> INSTRUCTIONS FOR THE TASK
Below are the records; print them again exactly and omit the pictures.

> EXTRACTED INFORMATION
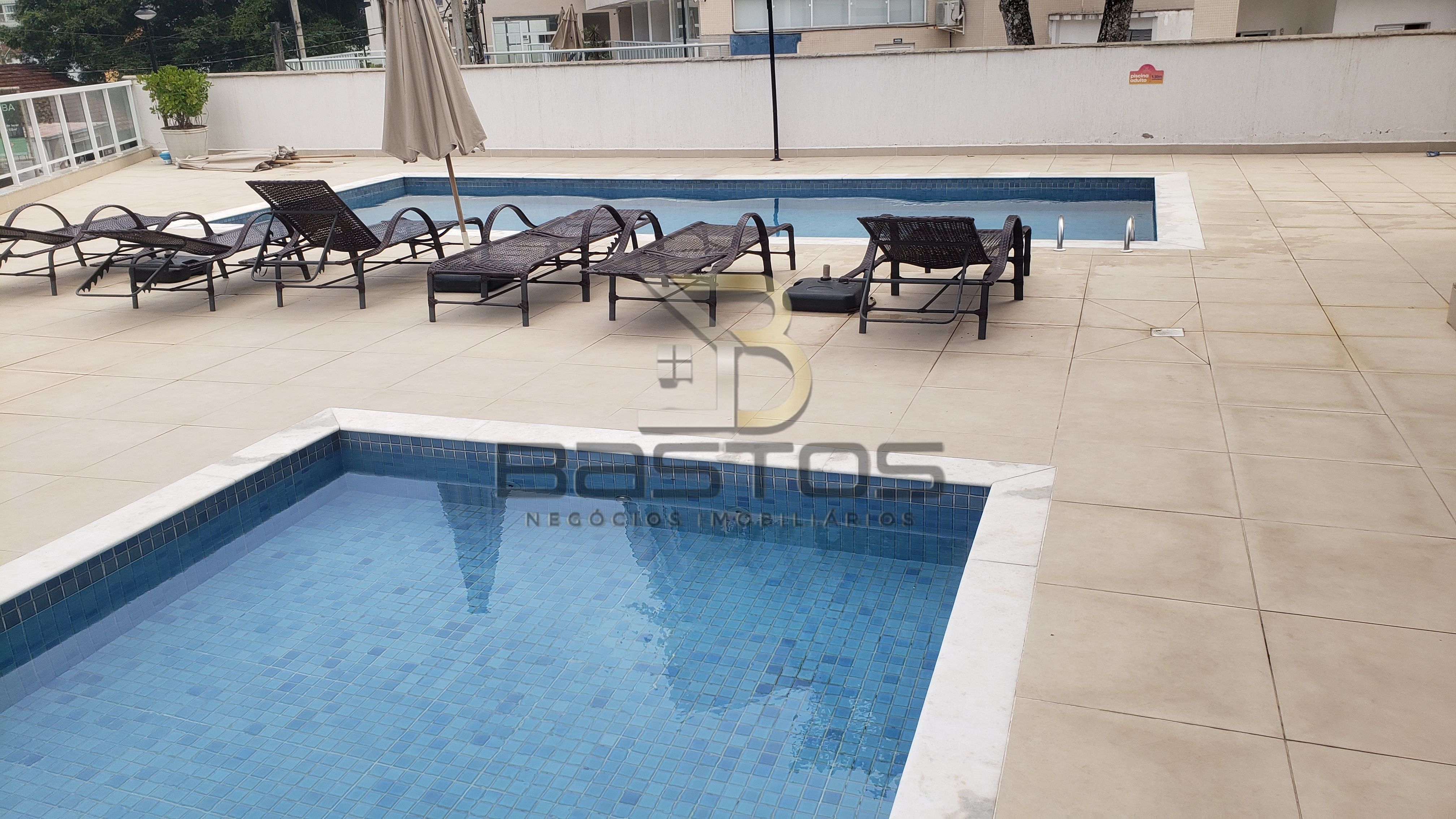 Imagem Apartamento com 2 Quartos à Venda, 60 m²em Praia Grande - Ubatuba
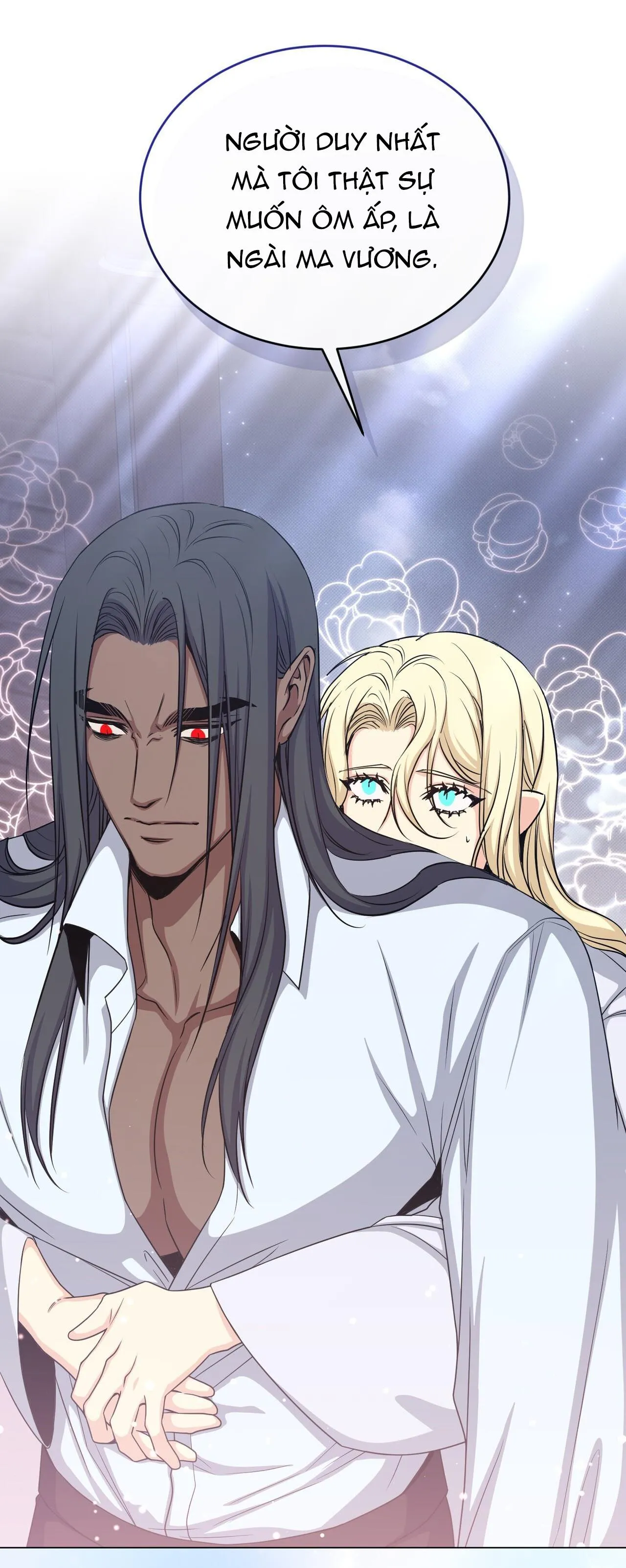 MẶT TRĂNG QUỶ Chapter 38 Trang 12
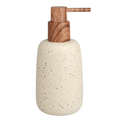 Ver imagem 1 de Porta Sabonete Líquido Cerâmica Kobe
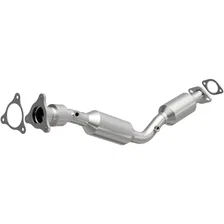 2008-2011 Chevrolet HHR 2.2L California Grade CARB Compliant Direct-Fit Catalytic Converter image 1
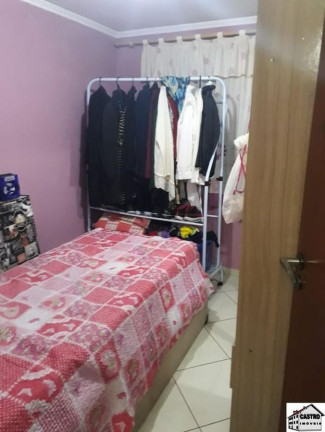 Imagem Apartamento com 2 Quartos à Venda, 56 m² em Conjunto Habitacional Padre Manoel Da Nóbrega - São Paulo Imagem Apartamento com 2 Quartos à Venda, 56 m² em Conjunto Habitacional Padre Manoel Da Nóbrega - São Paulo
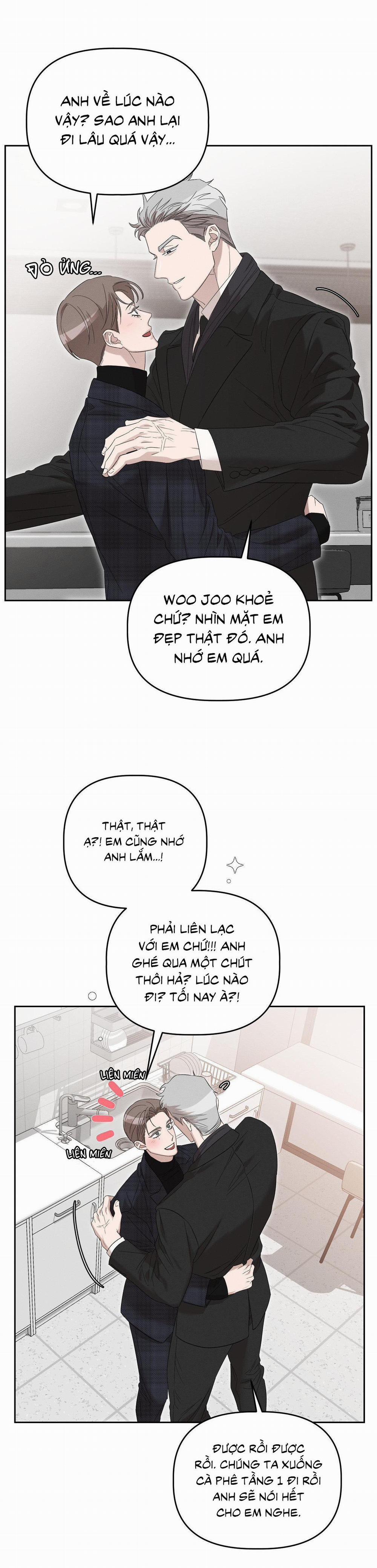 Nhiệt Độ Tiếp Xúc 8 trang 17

> REPLY
 Imagem Apartamento com 2 Quartos à Venda, 60 m²em Praia Grande - Ubatuba
 MẶT TRĂNG QUỶ Chapter 38 Trang 12
 Ver imagem 1 de Porta Sabonete Líquido Cerâmica Kobe
 2008-2011 Chevrolet HHR 2.2L California Grade CARB Compliant Direct-Fit Catalytic Converter image 1
 Imagem Apartamento com 2 Quartos à Venda, 56 m² em Conjunto Habitacional Padre Manoel Da Nóbrega - São Paulo Imagem Apartamento com 2 Quartos à Venda, 56 m² em Conjunto Habitacional Padre Manoel Da Nóbrega - São Paulo
 Nhiệt Độ Tiếp Xúc 8 trang 17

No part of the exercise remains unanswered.